Selanjutnya, pada Desember 2015 mulai menemukan titik dengan adanya kesepakatan antara pemerintah nagari dan Bamus untuk merancang Peraturan Nagari (Pernag) sebagai dasar pembentukan BUMDes.

Muaranya pada 4 April 2016 Nagari Koto Ranah melahirkan Pernag No 1 Tahun 2016 tentang Pembentukan BUMDes "Koto Ranah Sakti".

"Berkat dukungan pemerintah, Bamus, dan masyarakat dasar pembentukan BUMDes telah dimiliki sebagai acuan dalam mengembangkan usaha-usaha," sebut dia.

Di dalam Pernag itu BUMDes memiliki tujuh unit usaha, diantaranya unit pelayan umum, unit penyewaan, unit perantara, unit perdagangan, unit keuangan simpan pinjam, Unit Usaha Bersama, dan uni pemborong atau pengembang.

Dari tujuh unit, ungkap dia, pada tahun pertama BUMDes Koto Ranah Sakti hanya memfokuskan pengembangan satu unit usaha terlebih dahulu, yakni perdagangan.

Sebab di dalam Pernag No 1 Tahun 2016 pasal 10 ayat 1 poin (a) tentang pengembangan usaha menjelaskan, pemilihan usaha BUMDes dilakukan melalui musyawarah nagari, dan poin (b) pengembangan BUMDes dapat dikembangkan sesuai dengan potensi kemampuan yang ada.

"Kesepakatan bersama tahun pertama kami fokus untuk pengelolaan usaha perdagangan, jika ini berhasil maka unit yang lain akan menyusul," tambah dia.

Dia mengatakan, pemerintah nagari mengalokasikan anggaran sebanyak Rp150 juta pada 2016 sebagai permodalan awal pengelolaan unit usaha perdagangan.

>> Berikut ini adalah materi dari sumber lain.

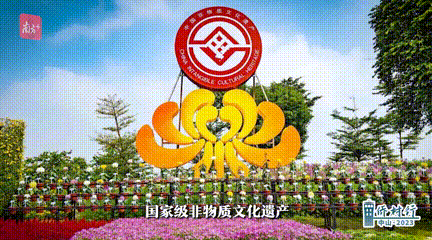 小榄菊花会。 南方+ 李姗恒 拍摄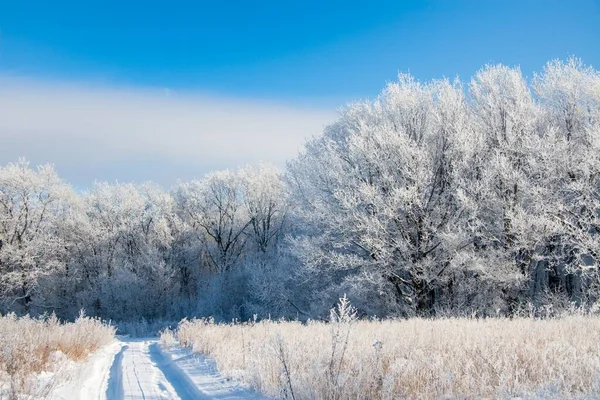 Paesaggio atmosferico invernale con gelo coperto di piante secche durante la nevicata. Inverno sfondo di Natale — Foto Stock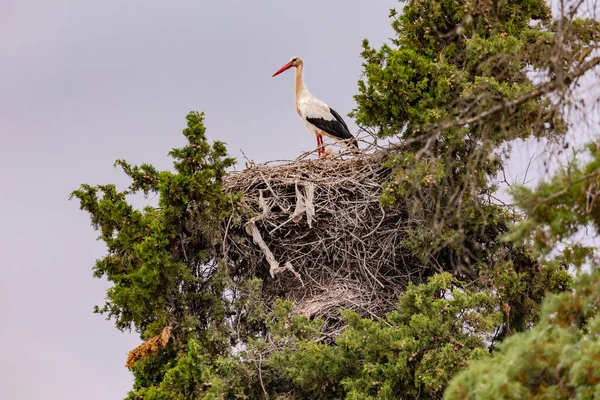 A distinctive stork in its nest made of branches on a tree in rural Portugal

Pelaksanaan BUMDes ini akan mulai dioperasikan pertengahan Mei 2016.

"Tunggu apa lagi, peraturan sudah ada, modal ada. Tinggal bagaimana komitmen bersama untuk menjadikan BUMDes sebagai mestinya," lanjutnya.

Sementara Ketua Bamus Nagari Koto Ranah, Samsul Hadi, mengapresiasi partisipasi masyarakat selama penyusunan regulasi pembentukan BUMDes Koto Ranah Sakti.

Dorongan dan dukungan penuh dari masyarakat dan pemerintah daerah menjadikan proses penyusunan dapat diselesaikan dalam waktu satu bulan, kata dia.

"Tidak ada masalah yang berarti, masyarakat menyambut baik pembentukan BUMDes di Nagari Koto Ranah," ungkapnya.

Melalui BUMDes masyarakat serta aparatur nagari terus dimotivasi, disadarkan dan dipersiapkan agar nagari dapat berdiri di kakinya sendiri.